Well, by that logic, the famous kiss
between the sailor and the nurse in Times Square on V-J Day would
be considered an inappropriate public display of affection. After
all, there would not have been a victory over Japan if American
forces hadn’t dropped atomic bombs on Hiroshima and Nagasaki. Yet
people back then had the common sense to understand that the sailor
and the nurse were spontaneously celebrating the end of the war
rather than celebrating the deaths of Japanese civilians. Of course
back then patriotism wasn’t something to feel ashamed
about.
The people at Ground Zero were celebrating justice
having been served. This so-called human being the chattering
classes wanted us to shed tears over had
written, “We — with God’s help — call on every
Muslim who believes in God and wishes to be rewarded to comply with
God’s order to kill the Americans (italics
mine) and plunder their money wherever and whenever they find it.”
These same chattering classes have no objection to giving bin Laden
a Sharia compliant burial at sea. But raise a cross in honor of the
lives he took and you get a
lawsuit. Nor do these chattering classes have a problem with
building a mosque at Ground Zero but won’t say a word about
rebuilding St. Nicholas Greek Orthodox Church, which was
destroyed when the South Tower
collapsed.
Of course, the tone of this discourse is set by our
Chatterer-in-Chief. Sure, President Obama gave the order to kill
bin Laden. But we cannot confront Islamic fundamentalist terrorism
if we are unable to speak of either Islamic fundamentalism or
terrorism. To call the events of September 11, 2001 “a man caused
disaster” and the 19 hijackers “violent extremists” doesn’t begin
to describe what happened that day much less why it happened.

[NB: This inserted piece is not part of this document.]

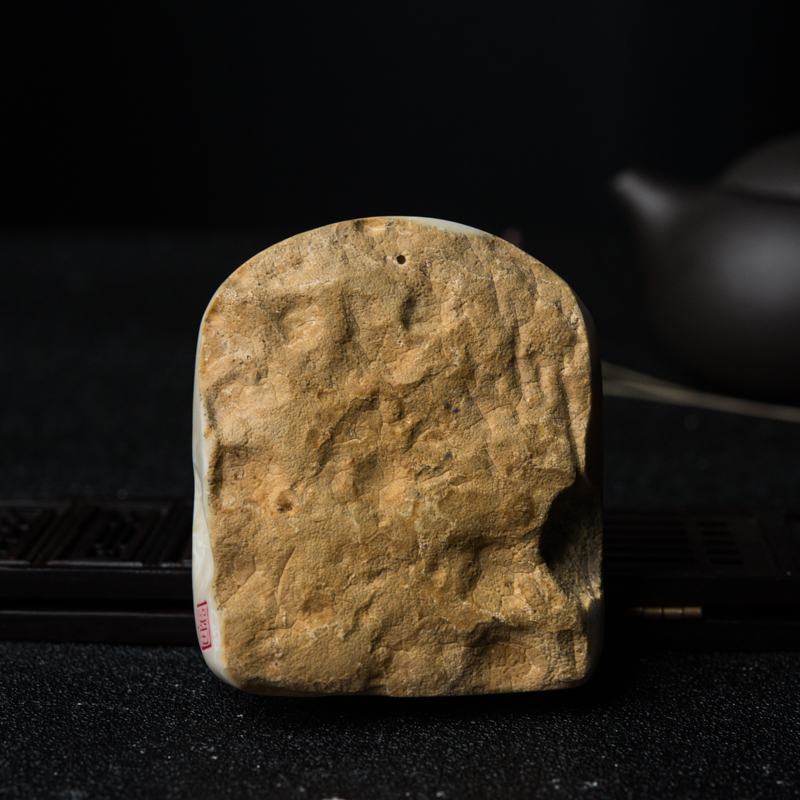 带皮白蜜龙吊坠-红掌柜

America might not be at war with Islam but a critical mass of
Muslims is most surely at war with America and will not cease to be
at war with America simply because bin Laden is dead. For all of
President Obama’s efforts to embark upon a “new
beginning” with the Muslim world, it turns out that Muslims
hold him in greater
contempt than George W. Bush. It doesn’t matter if the
President of the United States watches NASCAR or reads Niebuhr.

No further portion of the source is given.